Database Configuration – Should Latin-1 Be Used Over UTF-8?

asciidatabaseMySQLruby-on-railsutf-8

We are using MySQL at the company I work for, and we build both client-facing and internal applications using Ruby on Rails.

When I started working here, I ran into a problem what I had never encountered before; the database on the production server is set to Latin-1, meaning that the MySQL gem throws an exception whenever there is user input where the user copies & pastes UTF-8 characters.

My boss calls these "bad characters" since most of them are non-printable characters, and says that we need to strip them out. I've found a few ways to do this, but eventually we've ended up in a circumstance where a UTF-8 character was needed. Plus it's a bit of a hassle, especially since it seems like the only solution I ever read about for this issue is to just set the database to UTF-8 (makes sense to me).

The only argument that I've heard for sticking with Latin-1 is that allowing non-printable UTF-8 characters can mess up text/full-text searches in MySQL. Is this really true?

Are there other reasons one should use Latin-1 over UTF-8? It's my understanding that it is superior and becoming more ubiquitous.

Best Answer

Unicode is certainly difficult, and the UTF-8 encoding has a couple of inconvenient properties. However, UTF-8 has become the de-facto standard encoding on the web, surpassing ASCII, Latin-1, UCS-2 and UTF-16. Just use UTF-8 everywhere.

The most important reason why you should support Unicode is that you shouldn't make unnecessary assumptions about user input.

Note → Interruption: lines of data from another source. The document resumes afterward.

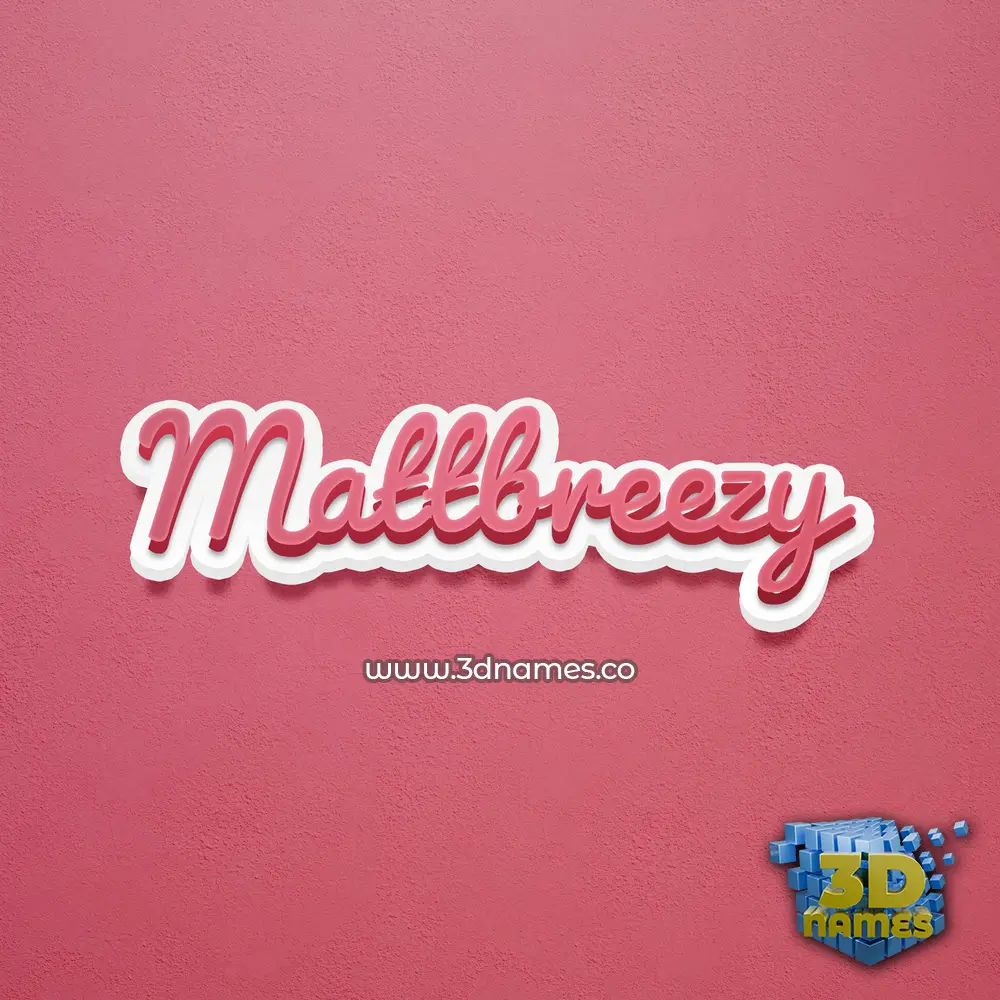 mattbreezy in Red Scribble style - 3D name wallpaper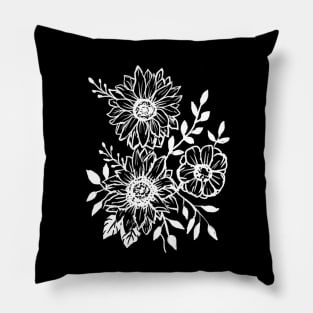 Sunflowers, Wildflowers, Boho, Hippie, Hand drawn Pillow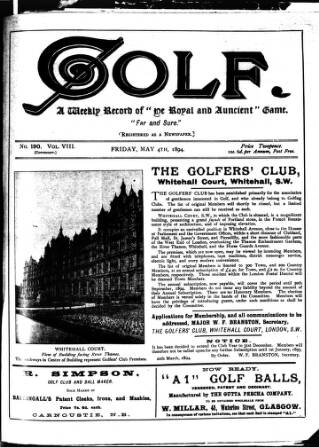cover page of Golf published on May 4, 1894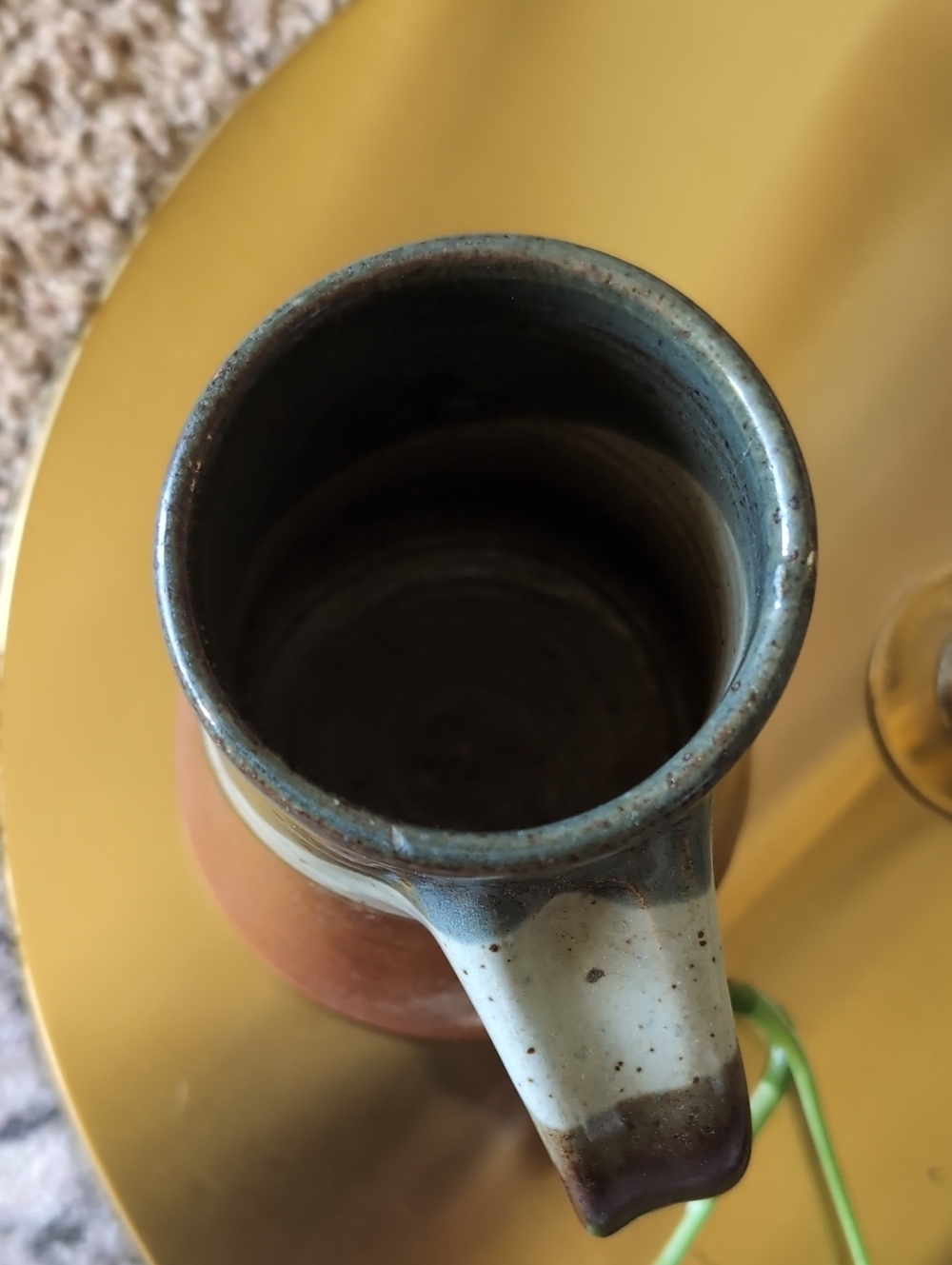 Ceramic Glazed Mug in Brown, Cream & Blue - Picture 6 of 12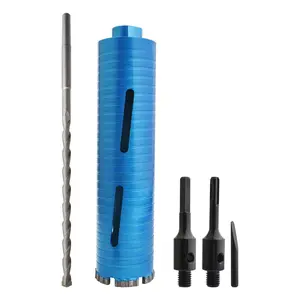 Gunpla 2-1/2" Diamond Core Drill Bit Set | 10" (260mm) Deep Drilling Capacity with Pilot Bit | SDS Plus & Hex Adapters Included | Heavy Duty Hole Saw for Concrete, Brick & Stone
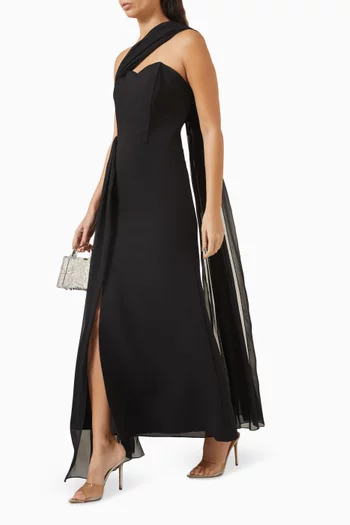 One-shoulder Dress in Crepe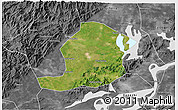 Satellite 3D Map of Huaining, desaturated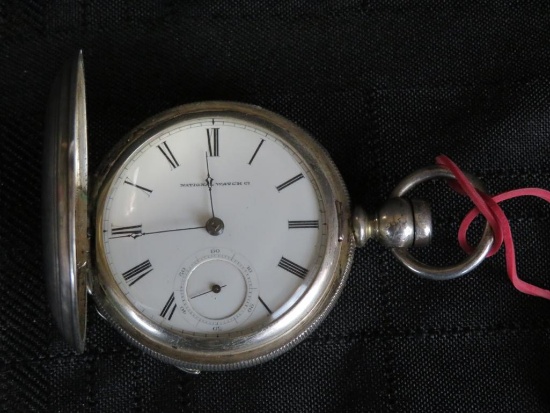Antique Elgin B.W. Raymond Key Wind & Set Pocket Watch w/ Coin Silver Case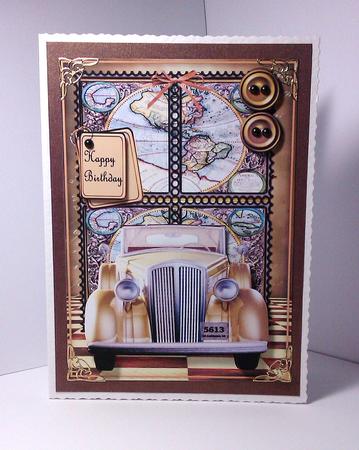 Vintage Car Male Card Topper by Lynda Tully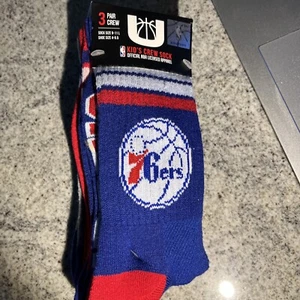 NBA Kid's Crew Socks 3 Pair Pack Philadelphia 76ers Size 9-11  Red Grey Blue NWT - Picture 1 of 6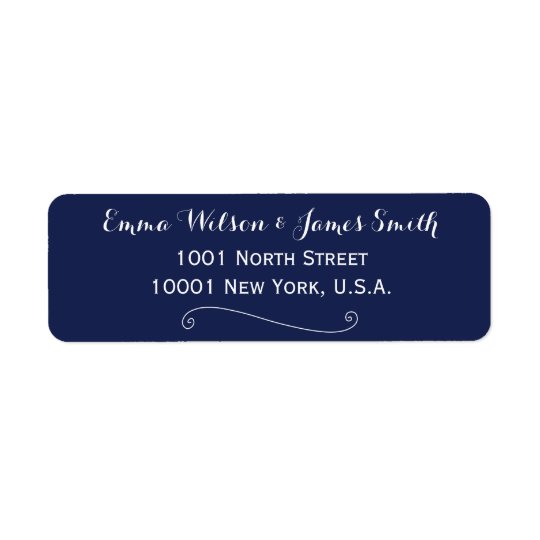 Custom Navy Blue White Personalised Address Labels
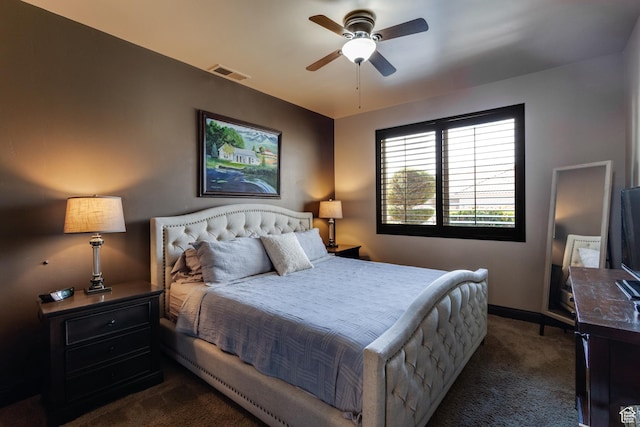428 N Northstar Dr, St George, UT 84770 - bedroom with dark carpet, visible vents, a ceiling fan, and baseboards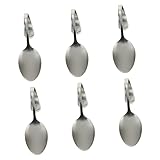 Amosfun 6st Löffel Mit Gebogenem Griff Niesellöffel Schöpfkelle Salatlöffel Wurstbecher Kochlöffel Kaffeelöffel Umrühren Buffetlöffel Vorspeisenlöffel Aus Stahl Rostfreier Stahl Silver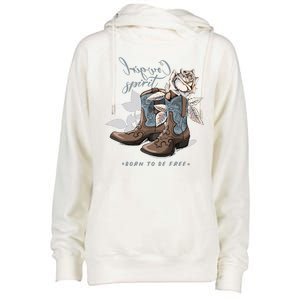 Reverse Cowgirl Spirit Born To Be Free Boots Womens Funnel Neck Pullover Hood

I have no idea what your domain is, but things like Hebrew usernames, a blog post about China, a comment with Emoji, or simply well styled text – like “this” – should be possible… Oh, those were typographically correct quotation marks (“” rather than ""), en-wide dashes, and an ellipsis, which are characters that are common in English text, but not supported by ASCII or Latin-1. So not supporting other scripts isn't just a big f*ck you to other cultures, but sticking to Latin-1 doesn't even allow you to write proper English.

The notion that Unicode only allows “bad characters” is wrong. Yes, text is really complicated, and Unicode won't hide that from you. Your boss may be thinking about composed characters, where one base codepoint such as a is modified by subsequent codepoints that e.g. represent diacritics to form one visual character such as á. This doesn't really get into your way when trying to do searches if you do some kind of normalization. For example, you could store all text in the NFC form which collapses such compositions into their precomposed form if one is available. When doing searching, you could also strip all composing characters from the text, but this may substantially change their meaning in some languages.

Unicode also adds a lot of unprintable characters – but even ASCII has loads of them. Will you handle a NUL in the middle of a string? How about 0x1C, a “File Separator”? I've never seen half of those. Latin-1 adds a soft hyphen that indicates word break opportunities, but is otherwise invisible. Does that also break your full-text search? In other words, even ASCII and Latin-1 allow you to completely break your input if you assume it's all just printable text!